Flink: Add table.exec.iceberg.use-v2-sink option
This PR adds a table.exec.iceberg.use-v2-sink configuration option allowing to use Flink's Sink v2 API described in the FLIP-143 document.
The configuration option is by default set to false.
This PR is the follow-up of discussion in #10179 and in #11219
@rodmeneses , @pvary please have a look at this PR. In the change, I added the configuration option that we talked about. I also added the documentation. In the docs I showed differences between the interfaces that I found while working on unifying the unit tests for both sinks.
This is still a draft, as I have no idea how to show in unit tests, that this configuration option does anything 😅. I've only checked in the debugger that the code is entering the correct code blocks. I could add a test on IcebergTableSink.getSinkRuntimeProvider level that would check which implementation is chosen but that doesn't seem like a good idea.
Do you know of any differences in the behaviour of these sinks that I could show in the test? I see that there are plans to add small file compaction in SinkV2 based implementation. Perhaps we should add this test when this feature will be available. WDYT?
This is still a draft, as I have no idea how to show in unit tests, that this configuration option does anything 😅. I've only checked in the debugger that the code is entering the correct code blocks. I could add a test on
IcebergTableSink.getSinkRuntimeProviderlevel that would check which implementation is chosen but that doesn't seem like a good idea.
I found out the way to verify if the correct API used. I added the test. This change is ready for review.
@rodmeneses, @stevenzwu: Please review the PR. Especially the documentation part.
@rodmeneses @pvary I've done all fixes that were discussed in comments. Can we move forward with this change? Do we need more eyes to take a look at the docs part? @stevenzwu can you take a look?

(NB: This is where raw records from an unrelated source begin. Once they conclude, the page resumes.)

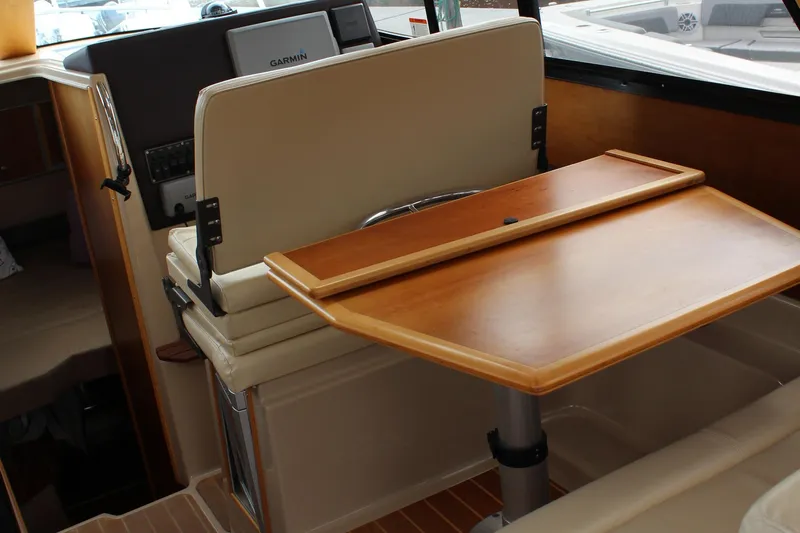 Shake N Bake Yacht Photos Pics 2013 Cutwater 28 LE interior with wooden table and Garmin navigation system.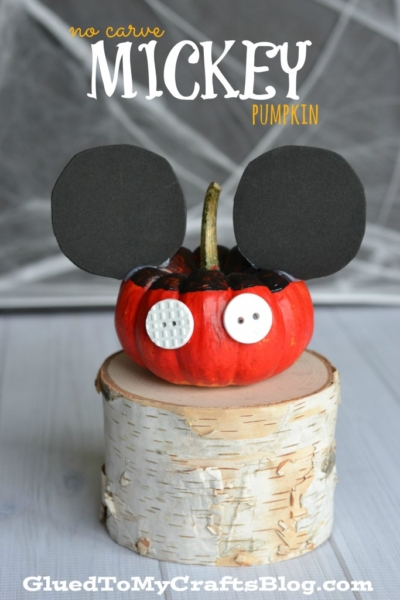 A small pumpkin painted red and black with white buttons and large black paper ears, styled to look like Mickey Mouse, sits on a cut wooden log. No Carve MICKEY Pumpkin is written above—perfect for creative no carve pumpkin ideas.
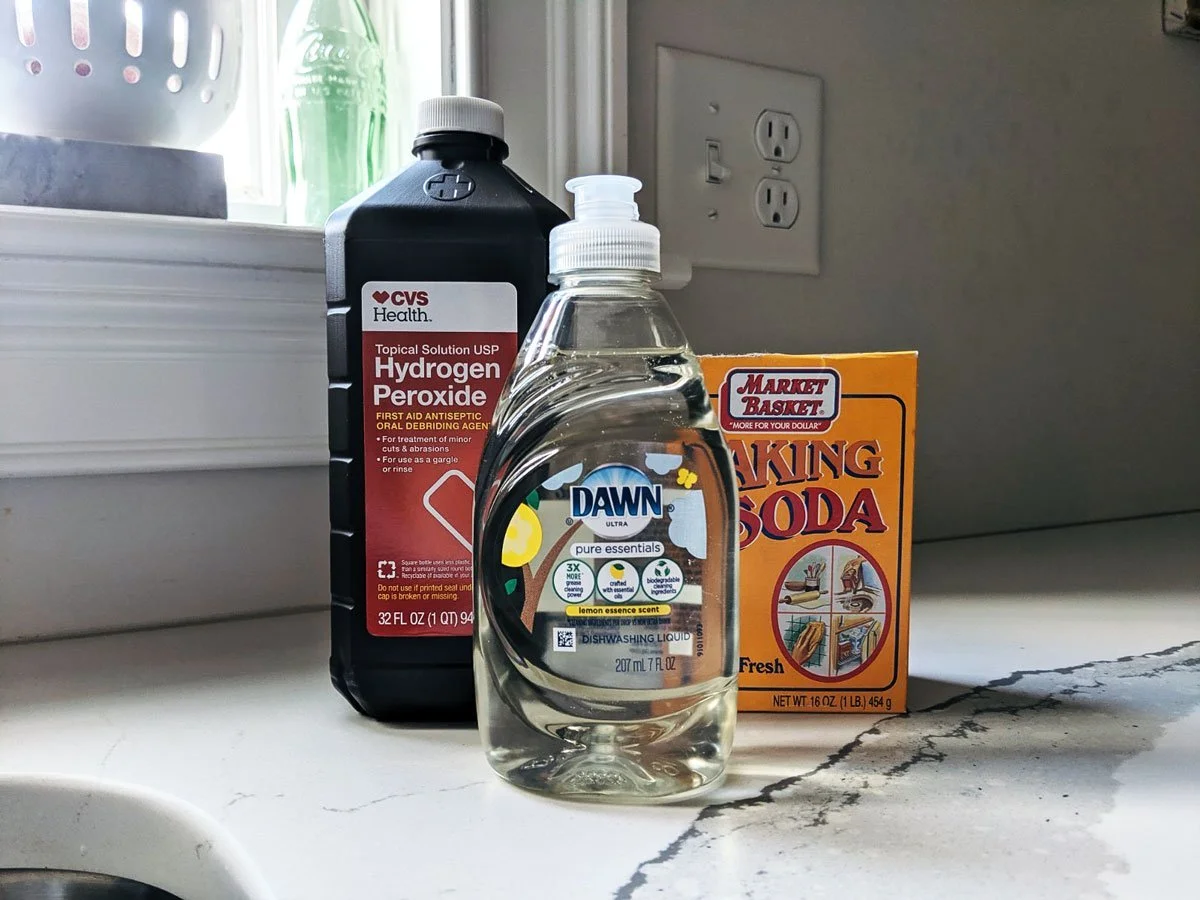 A bucket with an open bottle of 3% hydrogen peroxide, a box of baking soda, and a small bottle of dish soap next to nitrile gloves
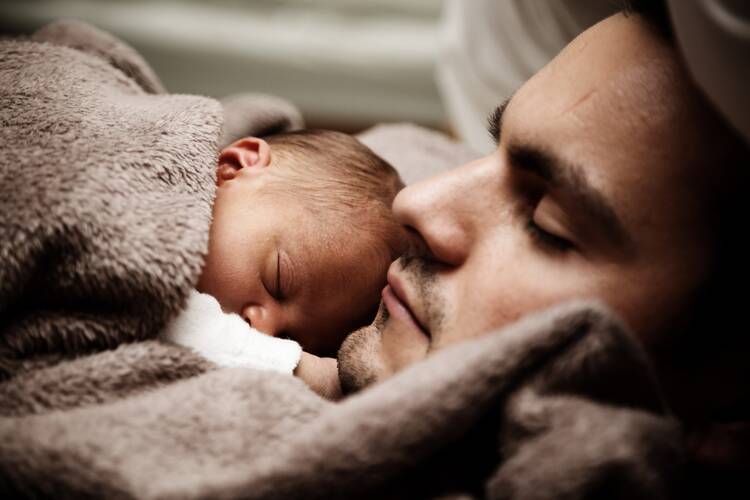 A newborn baby rests on a father's chest nuzzled up to his chin, both have eyes closed, are white; the father has dark brows and a bit of a mustache growing in; they are wrapped in a light brown blanket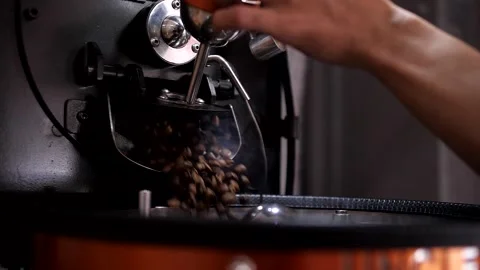 Pouring Fresh Coffee Beans Roasted inside Machine in Super Slow Motion Stock Footage 266523722
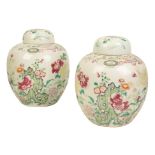 A PAIR OF CHINESE FAMILLE ROSE JARS AND COVERS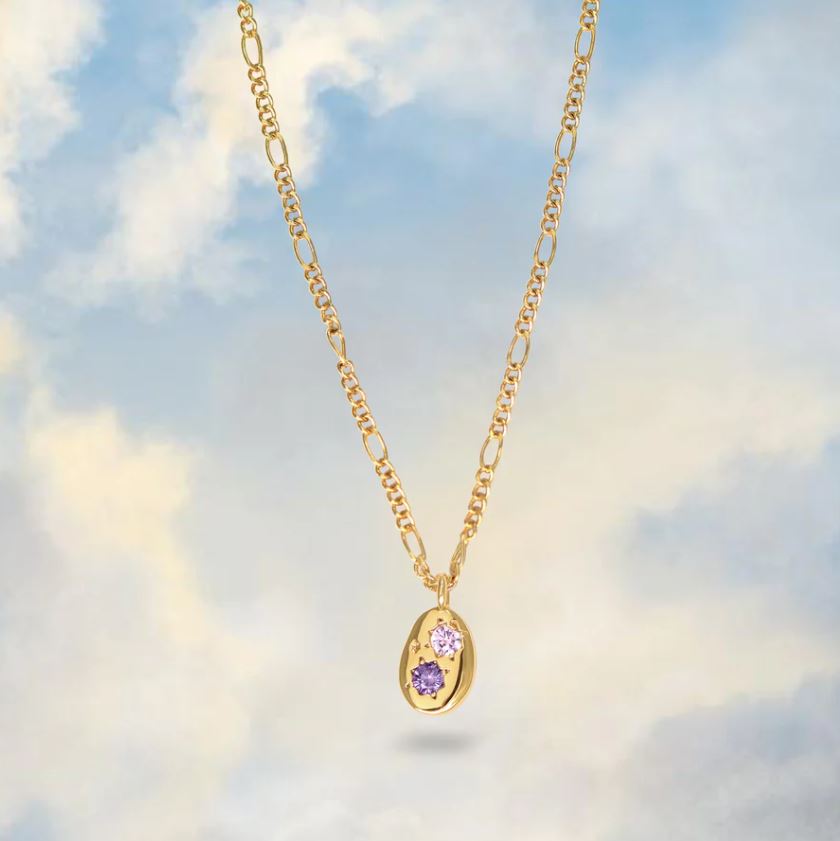 gemstone studded pebble pendant necklace in gold shown on a cloudy sky background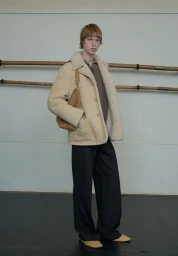 Model Joseph Uyttenhove wearing a beige shearling coat, brown sweater, and black trousers next to wooden ballet barres.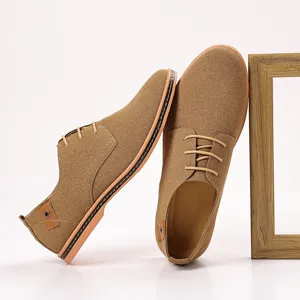 Brown suede casual shoes detail view, men lace-up footwear showing soft texture and fine stitching.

This pull request has been marked as stale due to 30 days of inactivity. It will be closed in 1 week if no further activity occurs. If you think that’s incorrect or this pull request requires a review, please simply write any comment. If closed, you can revive the PR at any time and @mention a reviewer or discuss it on the [email protected] list. Thank you for your contributions.

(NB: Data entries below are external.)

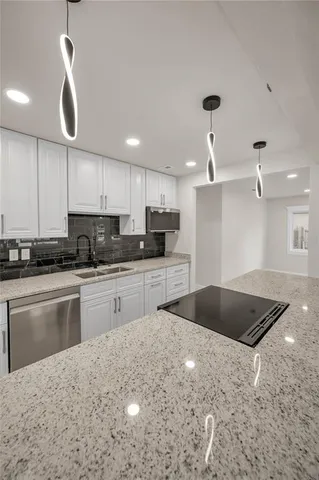 a kitchen with granite countertop a stove and white cabinets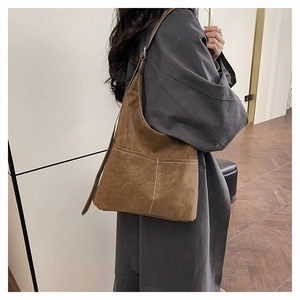 Close-up of brown suede tote bag featuring white contrast stitching and silver hardware detail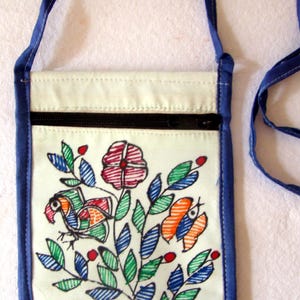 May include: A rectangular off-white fabric crossbody bag with a blue trim and strap. The front features a hand-drawn style illustration of a bird, a flower, and a butterfly in red, green, and blue ink. A black zipper runs across the top section.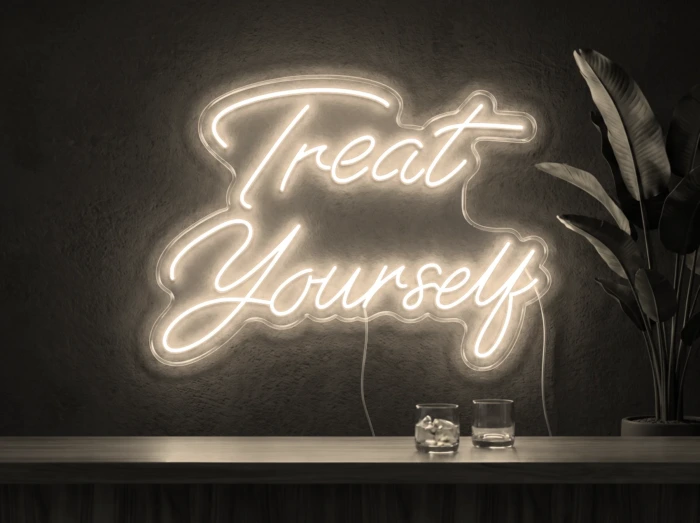 Neonskylt «Treat Yourself» i varmvit LED-neon, monterad på vägg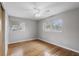 Bright bedroom with hardwood floors, ceiling fan, and two windows offering natural light at 2502 Falkner Rd, Orlando, FL 32810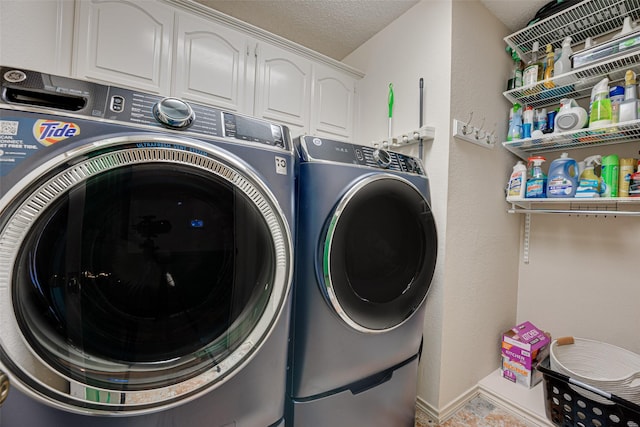 clothes washing area with washer and dryer, cabinets, and a textured ceiling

Hi @arkadius is this still needed/relevant ? please advise, as it will be closed due to inactivity soon cc @pvary
I think that this option would benefit this project in a good transitional migration to the new interface in Table API / Flink SQL. What is the alternative plan for the migration between the old implementation and the new one?
We definitely need this. @arkadius: Could you please make sure the tests are run? Just change the commit message of the last commit and force push the branch, or something?

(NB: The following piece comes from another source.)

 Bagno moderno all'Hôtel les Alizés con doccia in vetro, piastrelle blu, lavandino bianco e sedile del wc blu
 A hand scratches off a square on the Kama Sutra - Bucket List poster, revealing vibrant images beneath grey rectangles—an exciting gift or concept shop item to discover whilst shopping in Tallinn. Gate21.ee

@arkadius: Could you please make sure the tests are run? Just change the commit message of the last commit and force push the branch, or something?
Sure, I rebased the branch to main to make sure that all tests will be run on the state that will be present after merge
Thanks for the PR @arkadius and @rodmeneses for the review!
@arkadius: Could you please backport the change to the relevant older Flink branches?
@arkadius: Could you please backport the change to the relevant older Flink branches?
Sure, here is backport for Flink 1.19: #11665 The SinkV2 API was added in Flink 1.19 so it is only relevant for this version.